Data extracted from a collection
● ● ● ● ● ● ●
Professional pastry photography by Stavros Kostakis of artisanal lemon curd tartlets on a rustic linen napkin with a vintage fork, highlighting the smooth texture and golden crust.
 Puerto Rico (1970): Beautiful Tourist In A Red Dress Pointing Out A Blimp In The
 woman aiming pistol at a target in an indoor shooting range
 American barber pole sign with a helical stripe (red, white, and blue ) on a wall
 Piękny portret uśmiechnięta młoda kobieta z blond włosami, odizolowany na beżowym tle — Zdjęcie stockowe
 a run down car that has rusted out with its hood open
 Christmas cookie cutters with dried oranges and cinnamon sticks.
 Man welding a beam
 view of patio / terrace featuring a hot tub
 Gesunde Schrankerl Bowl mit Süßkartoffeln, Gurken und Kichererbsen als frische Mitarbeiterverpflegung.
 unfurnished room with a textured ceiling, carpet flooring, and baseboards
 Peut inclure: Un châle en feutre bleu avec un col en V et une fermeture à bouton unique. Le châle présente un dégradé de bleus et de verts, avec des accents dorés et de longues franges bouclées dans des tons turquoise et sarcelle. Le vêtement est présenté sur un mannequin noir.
● ● ● ● ● ● ●
Instructions to follow
Of the lines above, retype only those from the line containing "a run down car" through the line containing "unfurnished room with", including both, exactly.

Written answer
 a run down car that has rusted out with its hood open
 Christmas cookie cutters with dried oranges and cinnamon sticks.
 Man welding a beam
 view of patio / terrace featuring a hot tub
 Gesunde Schrankerl Bowl mit Süßkartoffeln, Gurken und Kichererbsen als frische Mitarbeiterverpflegung.
 unfurnished room with a textured ceiling, carpet flooring, and baseboards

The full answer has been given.